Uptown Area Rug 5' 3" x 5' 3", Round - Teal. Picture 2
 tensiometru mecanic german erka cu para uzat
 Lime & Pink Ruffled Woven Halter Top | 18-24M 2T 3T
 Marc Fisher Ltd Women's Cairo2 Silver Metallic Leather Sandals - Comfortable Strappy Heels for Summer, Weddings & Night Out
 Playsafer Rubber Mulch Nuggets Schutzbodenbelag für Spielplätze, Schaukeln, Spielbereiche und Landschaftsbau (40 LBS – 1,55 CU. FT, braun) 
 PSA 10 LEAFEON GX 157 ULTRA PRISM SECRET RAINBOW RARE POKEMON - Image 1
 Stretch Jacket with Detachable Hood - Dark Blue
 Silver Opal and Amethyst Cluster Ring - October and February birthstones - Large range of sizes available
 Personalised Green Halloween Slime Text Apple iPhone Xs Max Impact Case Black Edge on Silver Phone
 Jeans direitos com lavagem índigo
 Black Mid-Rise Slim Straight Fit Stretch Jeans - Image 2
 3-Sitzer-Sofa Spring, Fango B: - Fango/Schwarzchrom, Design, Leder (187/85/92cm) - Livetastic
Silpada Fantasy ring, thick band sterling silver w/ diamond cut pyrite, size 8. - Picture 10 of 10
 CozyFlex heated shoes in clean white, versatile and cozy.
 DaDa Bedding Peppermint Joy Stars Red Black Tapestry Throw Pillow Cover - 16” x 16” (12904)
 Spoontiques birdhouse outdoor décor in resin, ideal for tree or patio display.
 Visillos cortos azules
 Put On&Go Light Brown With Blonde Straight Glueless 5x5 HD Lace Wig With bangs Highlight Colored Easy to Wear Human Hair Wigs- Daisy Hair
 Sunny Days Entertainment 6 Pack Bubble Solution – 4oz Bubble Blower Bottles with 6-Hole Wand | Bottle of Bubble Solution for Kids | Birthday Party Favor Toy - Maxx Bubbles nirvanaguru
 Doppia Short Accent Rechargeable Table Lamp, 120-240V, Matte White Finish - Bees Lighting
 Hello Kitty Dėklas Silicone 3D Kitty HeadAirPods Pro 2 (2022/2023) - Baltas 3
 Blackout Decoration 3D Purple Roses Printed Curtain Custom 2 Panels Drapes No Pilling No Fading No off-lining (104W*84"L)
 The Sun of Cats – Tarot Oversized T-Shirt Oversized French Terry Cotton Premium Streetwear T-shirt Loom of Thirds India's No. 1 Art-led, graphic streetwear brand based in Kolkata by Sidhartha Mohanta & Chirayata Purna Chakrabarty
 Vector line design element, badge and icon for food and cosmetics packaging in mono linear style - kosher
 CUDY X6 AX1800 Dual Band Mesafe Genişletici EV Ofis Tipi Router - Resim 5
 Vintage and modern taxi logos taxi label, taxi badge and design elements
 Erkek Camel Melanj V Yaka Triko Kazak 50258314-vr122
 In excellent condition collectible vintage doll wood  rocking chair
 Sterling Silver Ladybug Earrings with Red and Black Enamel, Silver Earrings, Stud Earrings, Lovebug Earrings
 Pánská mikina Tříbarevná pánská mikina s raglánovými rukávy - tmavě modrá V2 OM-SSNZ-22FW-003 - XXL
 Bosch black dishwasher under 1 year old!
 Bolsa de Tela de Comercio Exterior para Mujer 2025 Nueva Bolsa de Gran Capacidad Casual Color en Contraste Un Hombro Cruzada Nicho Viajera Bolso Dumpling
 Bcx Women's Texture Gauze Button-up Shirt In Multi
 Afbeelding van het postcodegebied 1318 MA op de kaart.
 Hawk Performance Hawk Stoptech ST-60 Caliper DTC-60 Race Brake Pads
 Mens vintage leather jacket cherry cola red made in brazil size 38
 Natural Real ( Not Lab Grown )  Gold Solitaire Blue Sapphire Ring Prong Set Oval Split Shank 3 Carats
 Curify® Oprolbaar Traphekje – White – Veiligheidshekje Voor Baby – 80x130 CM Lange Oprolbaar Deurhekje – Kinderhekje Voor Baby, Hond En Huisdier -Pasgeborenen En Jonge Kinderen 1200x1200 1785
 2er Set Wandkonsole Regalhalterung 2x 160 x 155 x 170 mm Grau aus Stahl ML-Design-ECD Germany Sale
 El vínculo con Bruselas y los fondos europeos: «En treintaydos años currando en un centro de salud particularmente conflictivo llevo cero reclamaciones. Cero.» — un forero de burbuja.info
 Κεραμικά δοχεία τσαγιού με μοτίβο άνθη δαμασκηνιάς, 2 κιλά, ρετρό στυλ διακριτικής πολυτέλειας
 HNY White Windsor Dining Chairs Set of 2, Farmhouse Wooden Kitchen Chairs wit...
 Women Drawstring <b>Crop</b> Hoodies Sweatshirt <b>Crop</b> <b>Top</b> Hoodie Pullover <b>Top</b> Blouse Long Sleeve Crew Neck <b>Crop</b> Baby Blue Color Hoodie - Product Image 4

* **Task requirements**: Work out how many lines of the data include the word "para", and write that number alone.

* **Reply to the exercise**: 2